§ Exercise details
Print each line exactly, from the one with "#MTCWFW2023" to the very last line of the listing, and keep the pictures out.

++++++++++

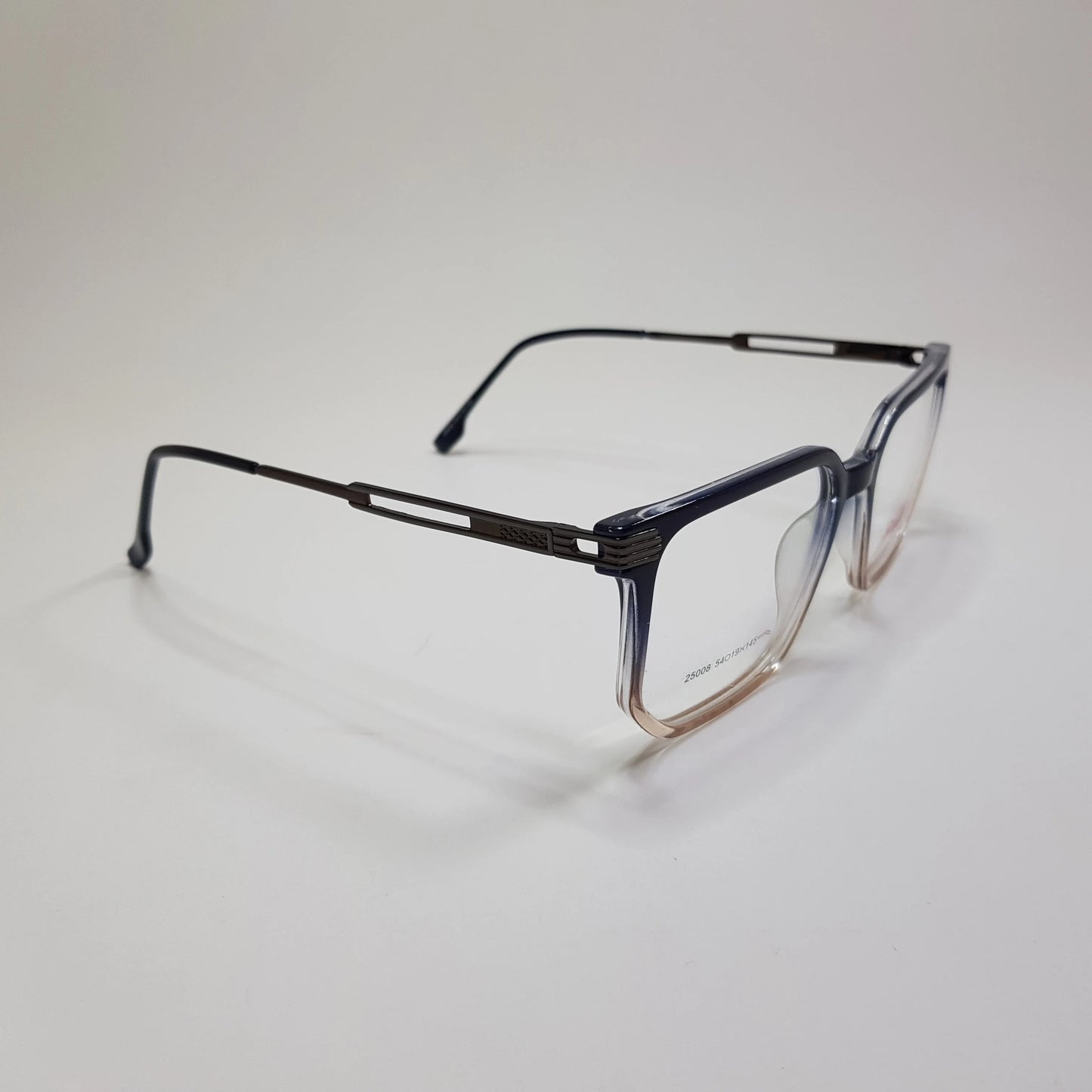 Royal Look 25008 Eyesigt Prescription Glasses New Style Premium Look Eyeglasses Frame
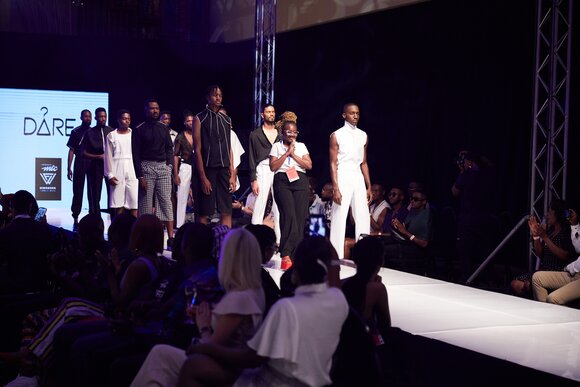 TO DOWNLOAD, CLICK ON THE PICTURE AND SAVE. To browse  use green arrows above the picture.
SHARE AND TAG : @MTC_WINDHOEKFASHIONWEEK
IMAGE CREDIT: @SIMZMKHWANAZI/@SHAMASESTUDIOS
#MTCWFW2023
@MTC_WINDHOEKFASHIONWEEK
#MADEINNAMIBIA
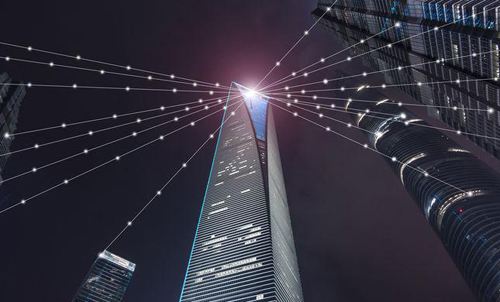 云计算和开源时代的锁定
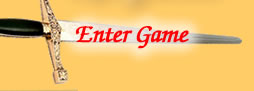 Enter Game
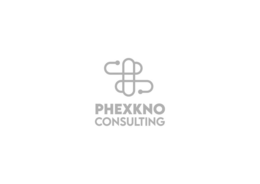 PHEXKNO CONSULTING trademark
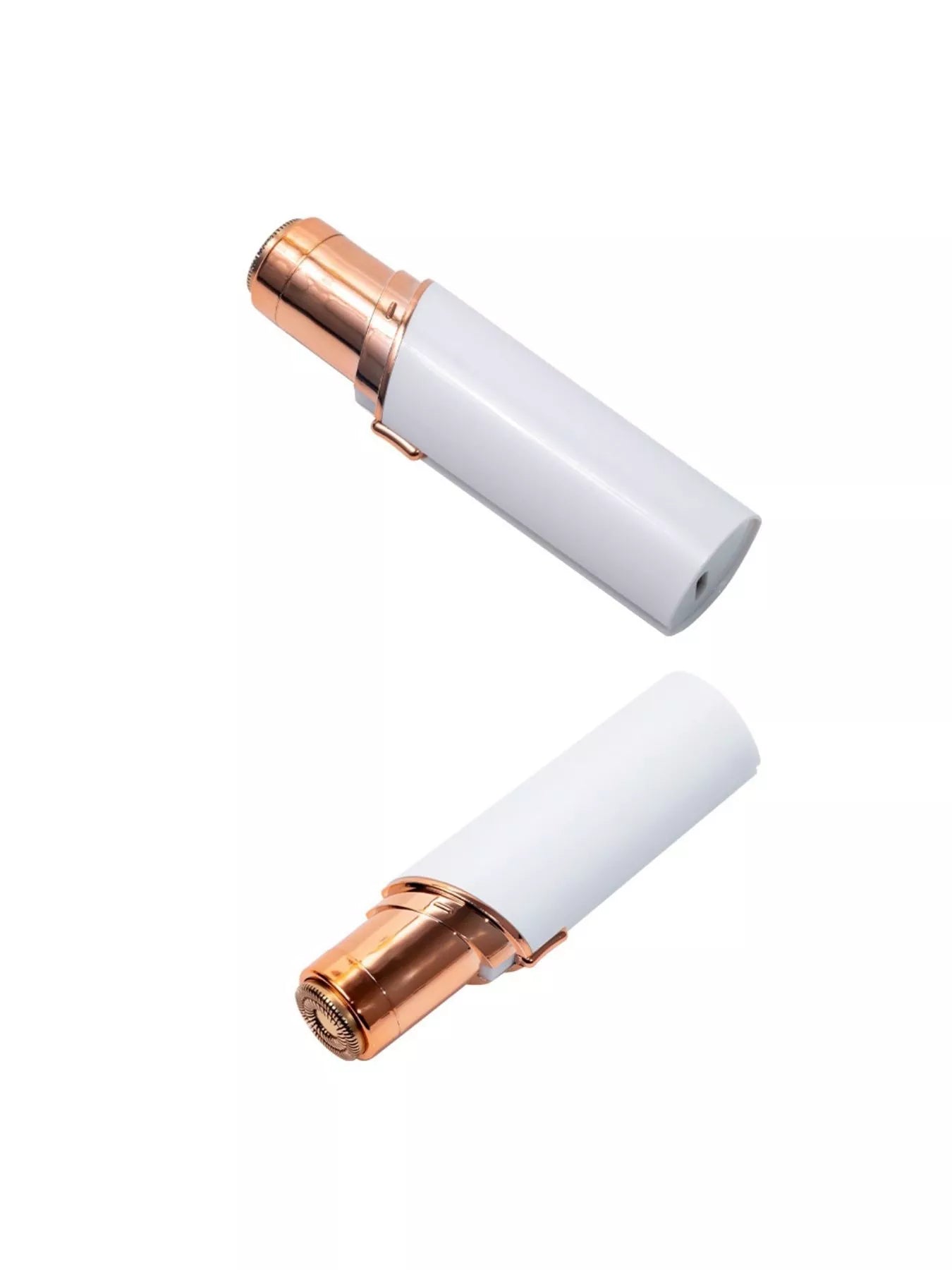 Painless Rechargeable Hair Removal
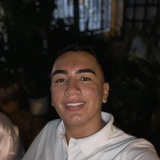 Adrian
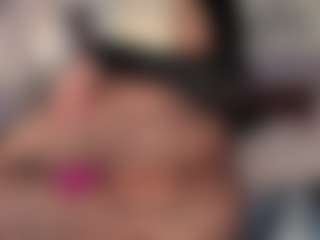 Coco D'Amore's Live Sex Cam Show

++++++++++

§ Exercise answer
#MTCWFW2023
@MTC_WINDHOEKFASHIONWEEK
#MADEINNAMIBIA
 云计算和开源时代的锁定
 Enter Game
 PHEXKNO CONSULTING trademark
 Painless Rechargeable Hair Removal
 Adrian
 Coco D'Amore's Live Sex Cam Show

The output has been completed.